The paper is set up as shows: Section 2 presents various Lucas polynomial properties. Lucas polynomials are used to solve 3D-MVFIEK2 in Section 3. Error analysis is discussed in Section 4. Numerical outcomes and comparisons with other techniques are presented in Section 5. The conclusion of the paper is presented in Section 6.

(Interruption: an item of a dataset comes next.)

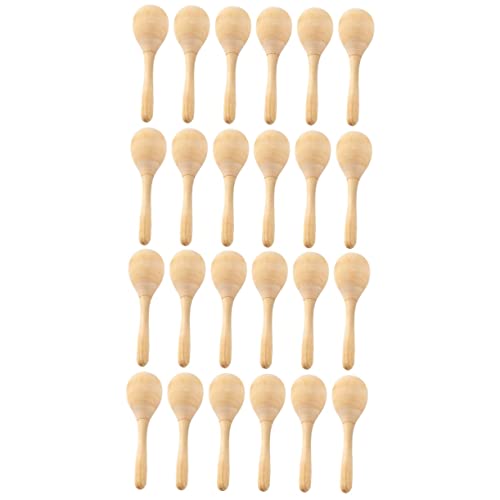 Alasum 24 Pcs Painting Craft With Performances Wooden Hammers Painted Graffiti Percussion Toys Maracas For Favors Game Rustling Wood Interesting Fiesta Shower Rattles Playthings Festival #TOP21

In this article, we shall contemplate the numerical solution of a size of 3D-MVFIEK2 in the next section, to create:

$$w(x,y,z)=g(x,y,z)+\lambda {\int }_0^1{\int }_0^1{\int }_0^{1}K(x,y,z,s,t,r)w(s,t,r)dsdtdr+$$

$$+\lambda {\int }_0^1{\int }_0^1{\int }_0^1{k}_2(x,y,z,s,t,r)w(s,t,r)dsdtdr,$$

(1a)

where

$$K(x,y,z,s,t,r)=\left\{\begin{array}{c}{k}_1(x,y,z,s,t,r)(s,t,r)\le (x,y,z),\\ \\ 0,(s,t,r)>(x,y,z),\end{array}\right.$$

(1b)

$x,y,z\in [0,1),\lambda \in R,$ and w is the unknown function, $g,k_1$ and $k_2$ have analytic functions on D and $D\times D$ severally, where $D=[0,1)\times [0,1)\times [0,1).$

Equation (1a) could be expressed as follows:

$$w(x,y,z)=g(x,y,z)+\lambda {\int }_0^1{\int }_0^1{\int }_0^{1}H(x,y,z,s,t,r)w(s,t,r)dsdtdr,$$

(1c)

where

$$H(x,y,z,s,t,r)=K(x,y,z,s,t,r)+k_2(x,y,z,s,t,r).$$

2. Properties of Lucas Polynomials

Definition 1.

([23]) The Lucas polynomials have specified via the recurrence relationship

$$L_{m+2}\left(\zeta \right)=\zeta L_{m+1}\left(\zeta \right)+L_m\left(\zeta \right),m\ge 0,$$

(2a)

with $L_0\left(\zeta \right)=2$ and $L_1\left(\zeta \right)=\zeta .$

These polynomials possess the following expression, to establish:

$$L_m\left(\zeta \right)=\frac{{(\zeta +\sqrt{{\zeta }^2+4})}^m+{(\zeta -\sqrt{{\zeta }^2+4})}^m}{2^m},$$

(2b)

furthermore, they possess the subsequent explicit power form ofrepresentation

$$L_m\left(\zeta \right)=\sum _{k=0}^{\lceil \frac{m}{2}\rceil }\frac{n}{n-k}\left(\genfrac{}{}{0pt}{}{m-k}{k}\right){\zeta }^{m-2k},m\ge 1,$$

(2c)

where

$$\lceil \frac{m}{2}\rceil =\left\{\begin{array}{c}\frac{m}{2},meven,\\ \\ \frac{m-1}{2},modd.\end{array}\right.$$

The initially smaller Lucas polynomials have expressed lower, and the collection of these factors is in Table 1.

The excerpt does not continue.